Eppure relativamente più fortunato, il tecnico toscano. Il quale, nell'estate 2002/03, ebbe almeno modo di guidare in Coppa Italia i rossoblù, sconfitti 2-1 dall'Empoli. Per essere cacciato tre giorni più tardi, e a favore di Giampiero Ventura, alla vigilia dell'esordio nel campionato di serie B. Così a Sonetti, classe di ferro 1941, scappa il risolino. «Non c'è nulla di nuovo sotto il sole di Sardegna quando di mezzo c'è il presidente», spiega il tre volte allenatore del Cagliari dell'era Cellino. Anche lui, come Donadoni, riconfermato al termine della precedente stagione e impossibilitato ad assaggiare quella successiva. «È fatto così, è volubile: con la stessa rapidità con cui si innamora di un tecnico, allo stesso modo se ne libera. L'allenatore prova una sensazione di sconforto, si sente usato, come un mezzo e non un essere umano. Offeso sul piano personale e professionale».

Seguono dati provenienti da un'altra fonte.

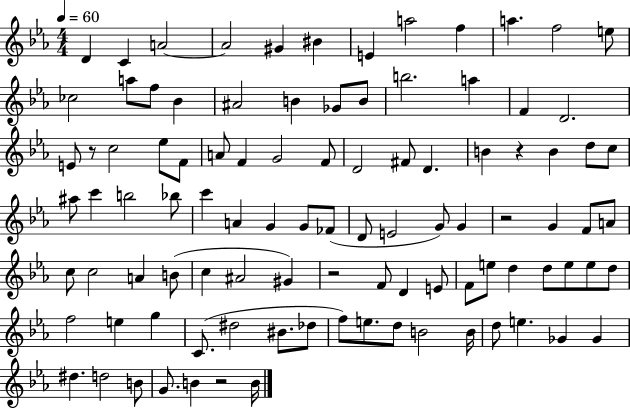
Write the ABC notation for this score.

Parole dure, quelle di Sonetti. Per il quale poco importa, a questo punto, che Donadoni possa allenare un altro club perché sollevato dall'incarico prima dell'inizio del campionato. «In tali situazioni non ci sono soldi, contratti o altre squadre che tengano». E neppure ragioni. «Non conosco le motivazioni alla base dell'esonero di Donadoni, però posso intuirle. Ho sufficiente esperienza alle spalle con Cellino per poter affermare che al presidente basta un nulla per incrinare irrimediabilmente il rapporto con l'allenatore di turno». Altro che Suazo, Branchini e i senatori. «È fatto così», ripete Sonetti. Prendere o lasciare.